College Self-Assessment

Last updated on November 27, 2017

College orientation is the beginning of your college experience. You see the dorm you’ll be living in, get a copy of your class schedule, tour your campus, and complete a self-assessment.

While no one will force you to make a decision about the rest of your life at orientation, it’s still a good time to figure out your strengths and weaknesses. A thorough self-assessment will prevent you from choosing the wrong major and make your academic and social experience more satisfying.
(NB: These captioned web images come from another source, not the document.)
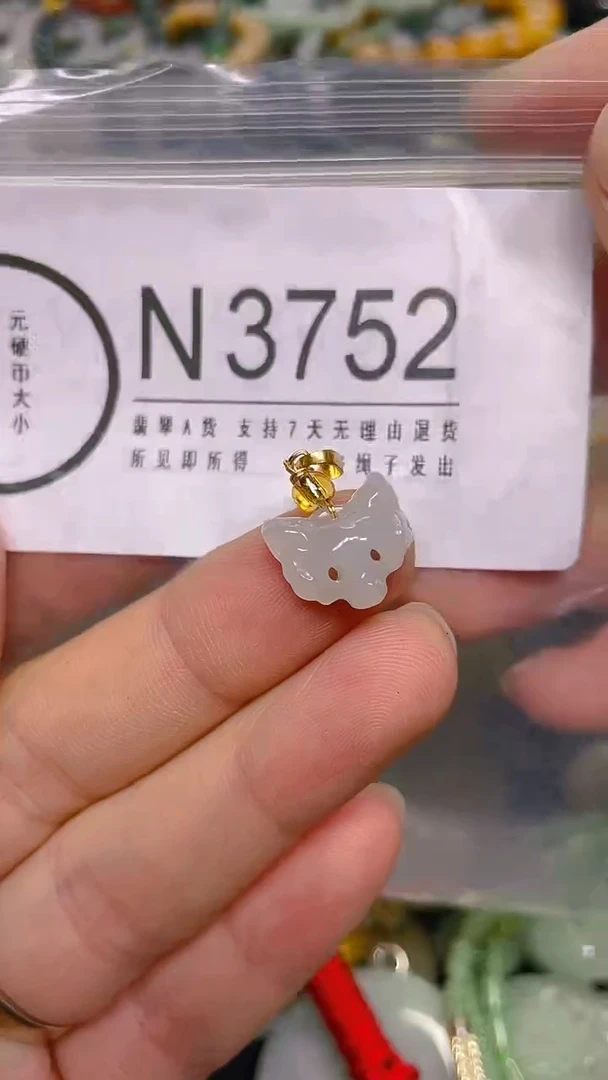 颈饰未镶嵌翡翠/ N /翡翠A货，一件也是批发价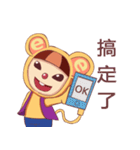 Full siao ji（個別スタンプ：36）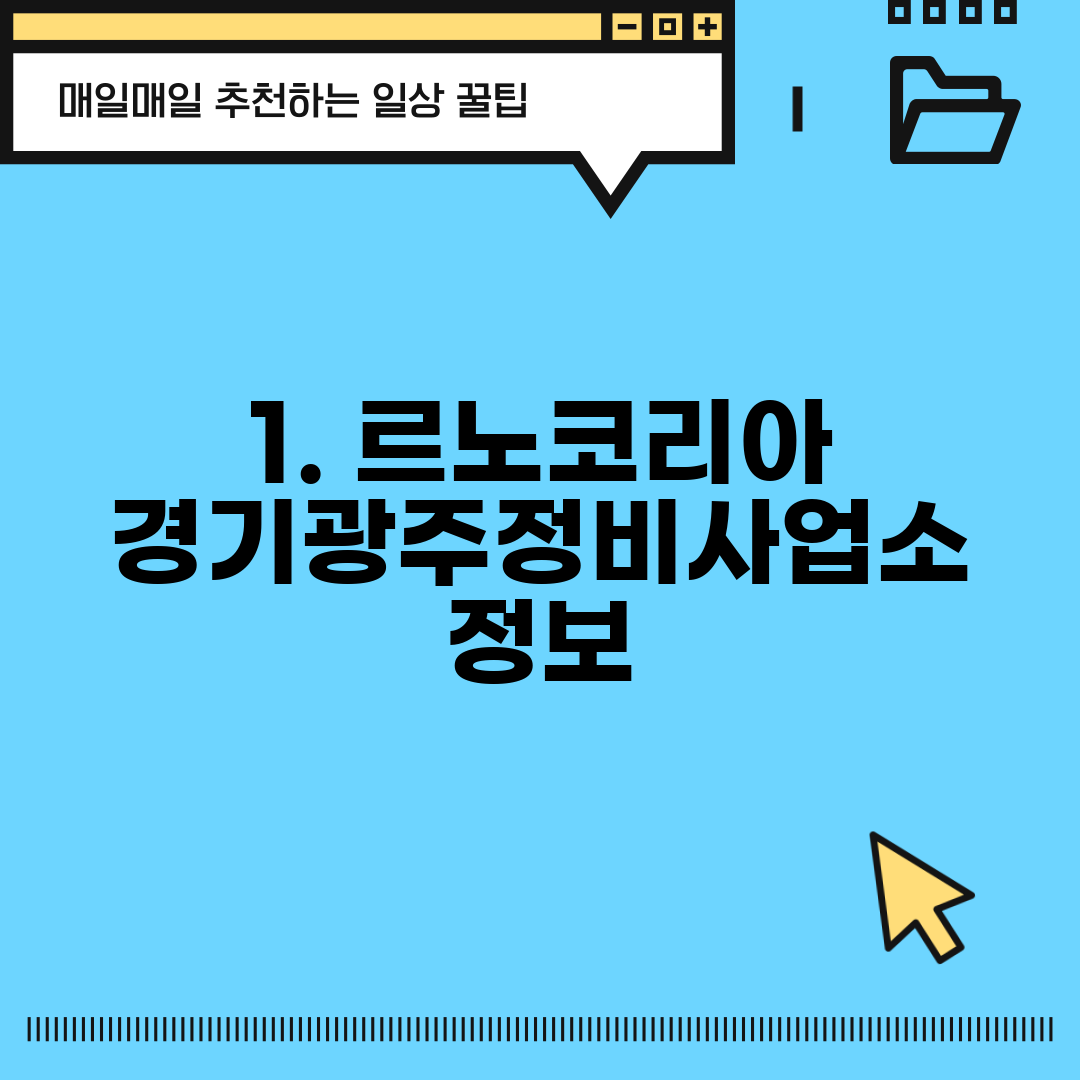 1. 르노코리아 경기광주정비사업소 정보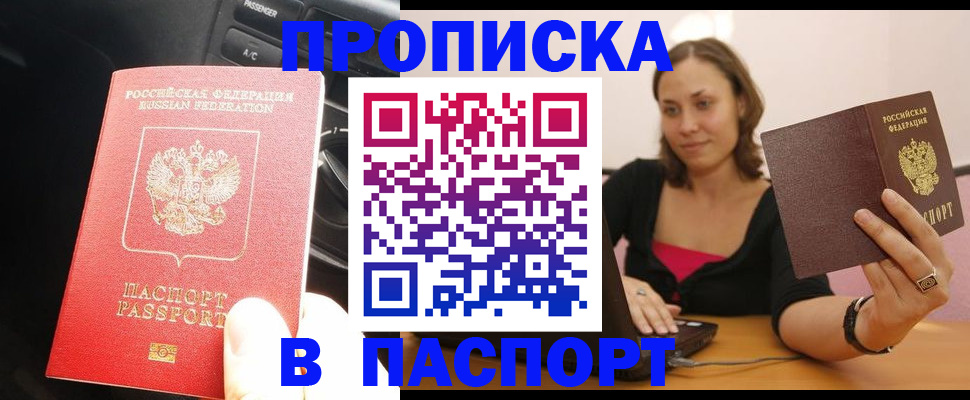временная регистрация в Бородино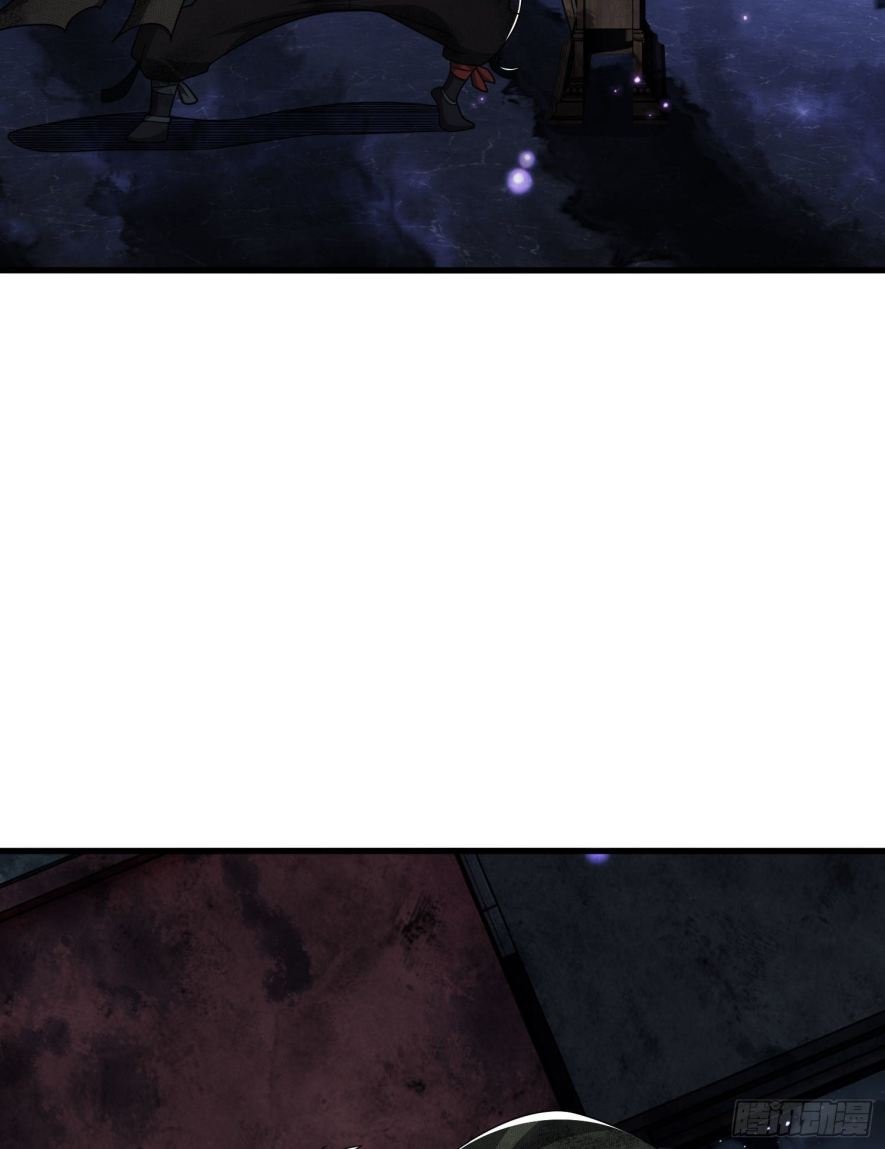 First Order chapter 40 page 43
Since your main reason for going to college is to get an education, start by looking at academics:

  • What high school subjects did you excel in, and which ones did you pass by the skin of your teeth?
  • Is there an area of study you’ve always wanted to learn more about but never got to take a class in? Does your college have this particular subject readily available to you?
  • What classes engage you and where do you find yourself falling asleep?
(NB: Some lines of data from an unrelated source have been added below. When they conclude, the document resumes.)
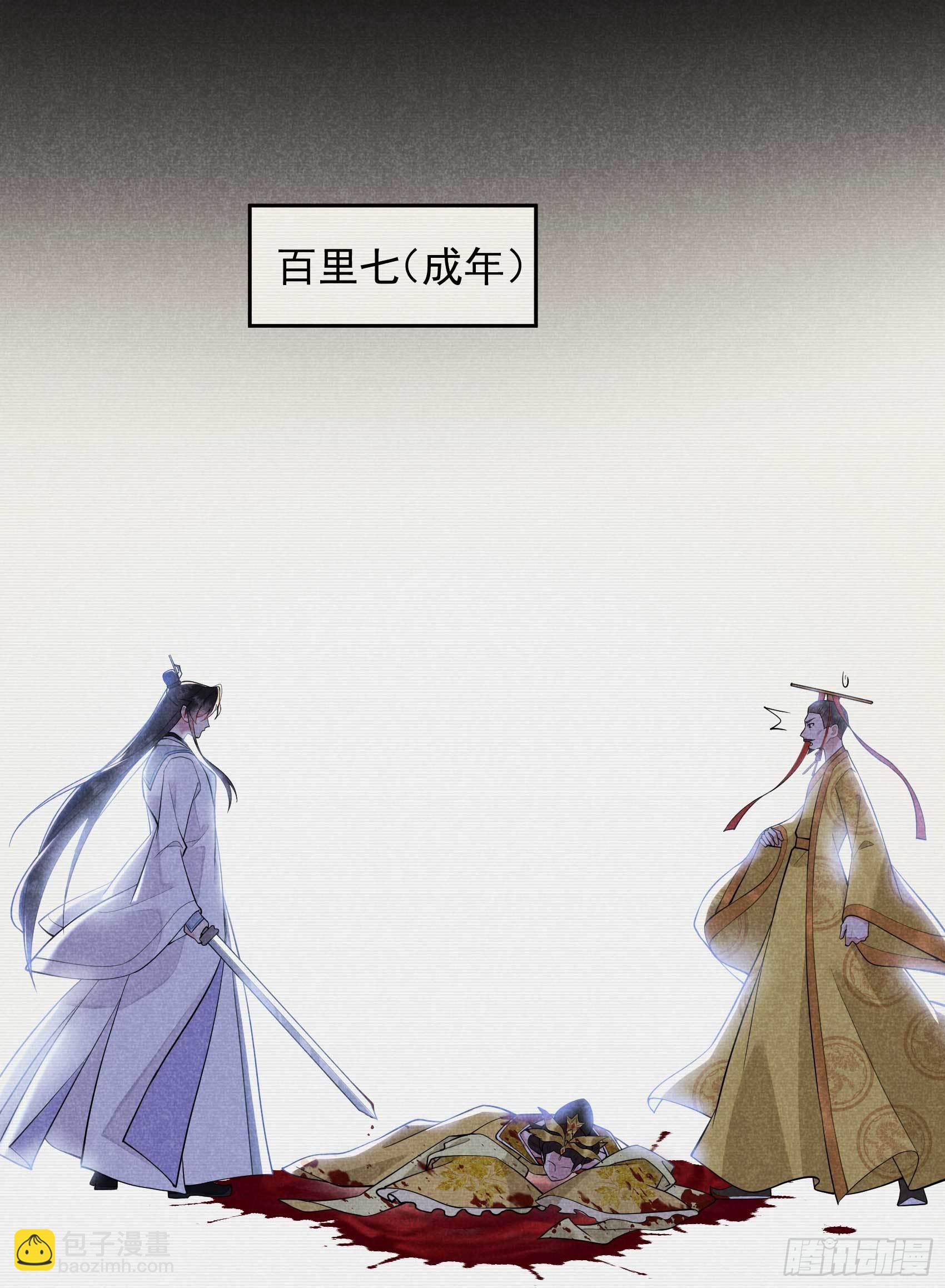 105 套路(1/2)-第100话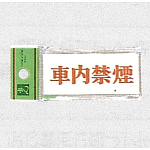 表示プレートH アクリル 表示:車内禁煙 (UP370-22)
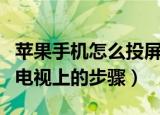 苹果手机怎么投屏到电视上（苹果手机投屏到电视上的步骤）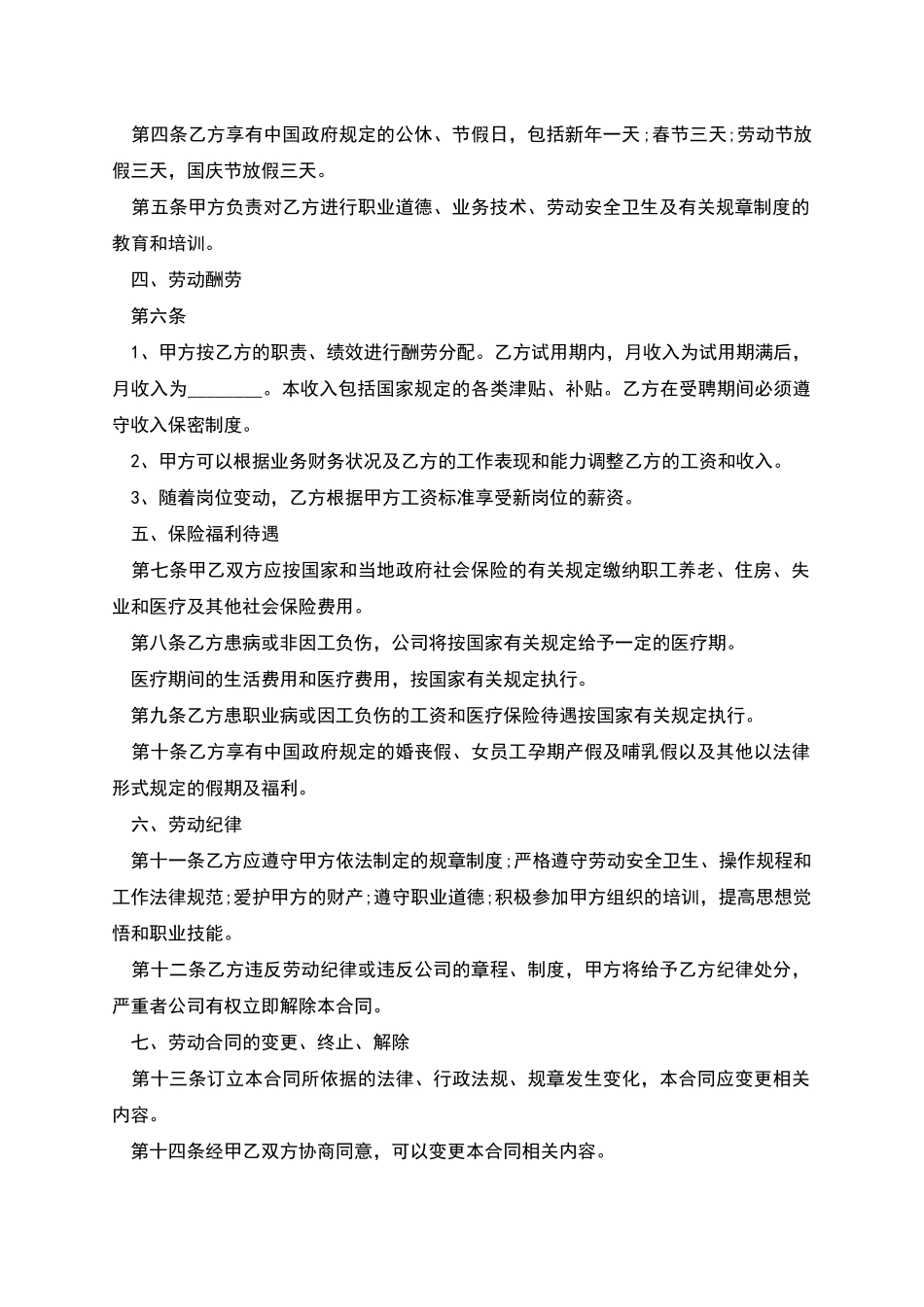 企业销售总监劳动合同书_第2页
After that, move on to hobbies:

  • What do you like to do in your free time?
  • What subjects do you most enjoy having conversations about?
  • Do you collect anything?
  • What kind of books and magazines do you enjoy reading?

Your answers will not only help you pick a major, but come in handy when it comes time to schedule general education classes and electives. They may also help down the road if you decide to go to graduate school and have to pick a specialized area of study.
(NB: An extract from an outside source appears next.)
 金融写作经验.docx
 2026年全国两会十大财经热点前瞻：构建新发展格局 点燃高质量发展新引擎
In order to succeed socially, consider:

  • Are you more of an extrovert or an introvert? (Specifically: Do you enjoy large crowds, milling about and talking to all different people, or are you a wallflower or someone who stays within the same small group?)
  • What activities did you enjoy in high school that you want to continue in college? Likewise, don’t be afraid to jump in if you’ve always wanted to be in the school musical or play rugby.
  • Are you a private person? Will you be the one willing to keep your room door open so people can come visit, or will you keep your doors shut and sit in front of your video games or computer all day?

Finally, think about working while you’re at college:

A part time job will not only help you earn money; you’ll learn more about your skills, your areas of interest, and give you the opportunity to build relationships.

Assessing your strengths and weaknesses is a multi-step, extensive process. It is not easy, but it will only lead to satisfaction in college and beyond.